Sonido de Radio entre paredes.


El sonido de radio me sigue desde que tengo recuerdos. Creo que nunca olvidaré esos recuerdos de mis mañanas en Punta Alta, dormido, preparándome para ir a la escuela, con el informativo de la radio de fondo.
Tampoco es que lo tengo presente en todos los momentos de mi vida pero cuando alguien menciona una experiencia similar o simplemente puedo parar el mundo y prestarle atención a lo que me rodea, escucho el sonido de radio de este 2020 y vuelvo a aquel momento. Y ese regreso me llena de personas que ya no veo, incluso a las que ya se fueron hace tiempo o, peor aun, a las que ya no veré al terminar estos días.
Sin embargo, mas allá de la nostalgia del presente o del futuro, no puedo evitar una suave sonrisa mientras me lavo los dientes.
Esa sonrisa también se me dibuja cuando alguien me avisa “está Ismael en vivo en IG” o “están pasando tal cosa”. Me gusta la idea de personas que están un poco menos lejos por el simple hecho que escuchamos lo mismo a la misma hora.
Hace unos días, mientras estrenaba mi tapa boca, esperaba en la vereda haciendo la cola del supermercado. En ese momento de espera eterna, quejandome en silencio como si tuviera otra cosa mejor que hacer, se me dio por silbar "Muchachos juega la acadé". Casi inmediatamente noté que un señor que estaba dos metros delante mio en la fila se dio vuelta y, tambien con su boca tapada, se puso a silbar conmigo. No me dijo nada pero de sus ojos salió una mirada de "yo te entiendo, amigo".En estos días trato de distraerme con mis archivos de excel, es mi forma de encontrarle un poco de lógica a este caos.
Me está pasando que me despierto a horas extrañas, me enojo, me emociono, me frustro. Me siento mal porque pienso que debería sentirme bien ya que no hay nadie entre mis amigos y familia con casos de Covid-19.

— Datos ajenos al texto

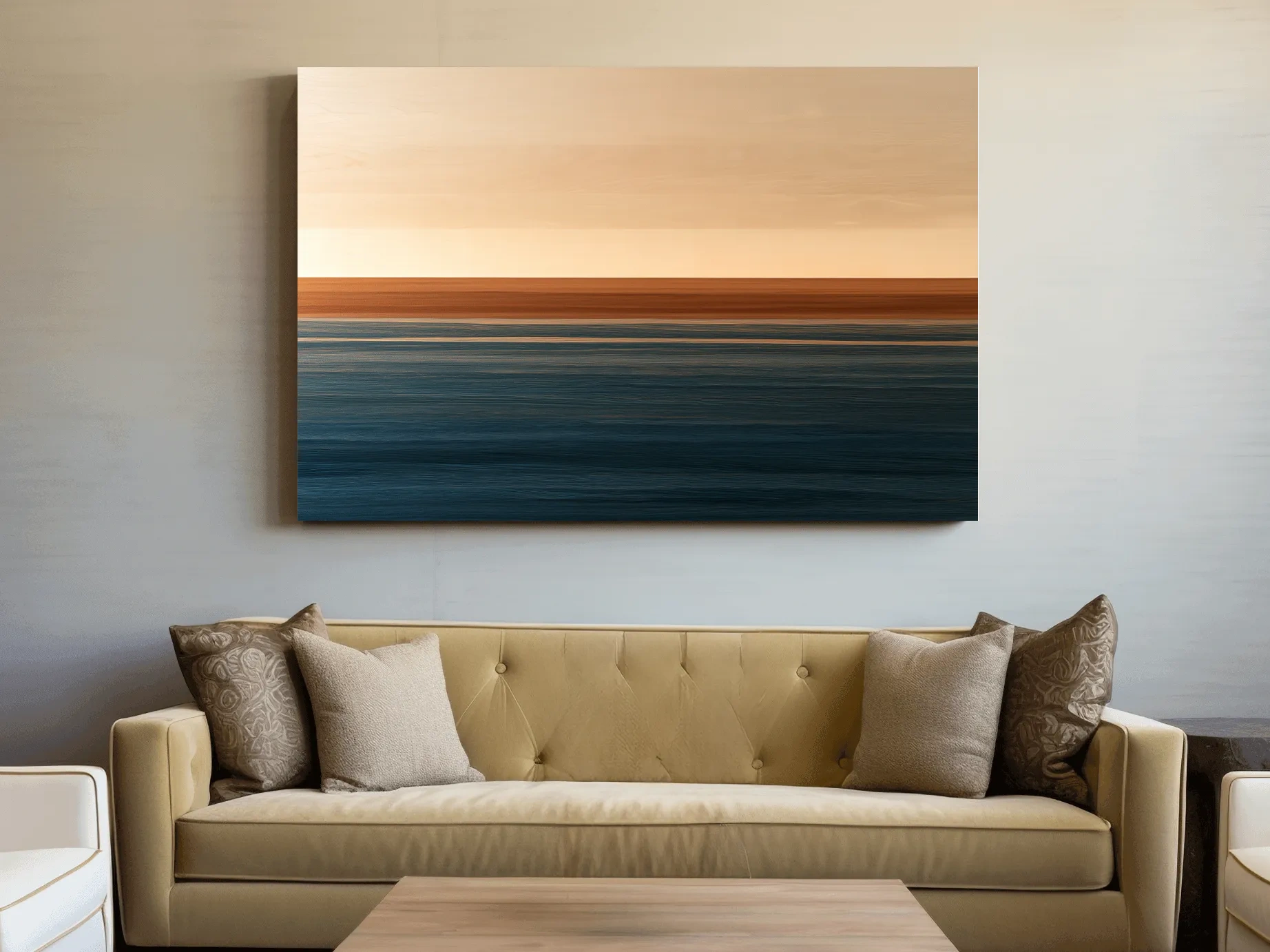 Minimalist Ocean Horizon - Mixed Media Seascape Wall Art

Espero que de esto salgamos todos un poco mejores, como si fuera salir de un convento en lugar de una Pandemia. Cuanto todo esto pase temo que las curvas que miremos en las estadísticas sean otras igual de malas: Abuelos desorientados, enfermedades mentales o mayores adicciones. Entonces, cuando todo eso empieza a doler, vuelvo a concentrarme en mi Excel y parece que el mundo se pone un poco en orden.
Y así estamos, unidos por el hilo invisible de la radio o de, simplemente, los recuerdos. Los buenos. Aunque hayas odiado mis radios prendidas en la madrugada que te hacian dificil dormir.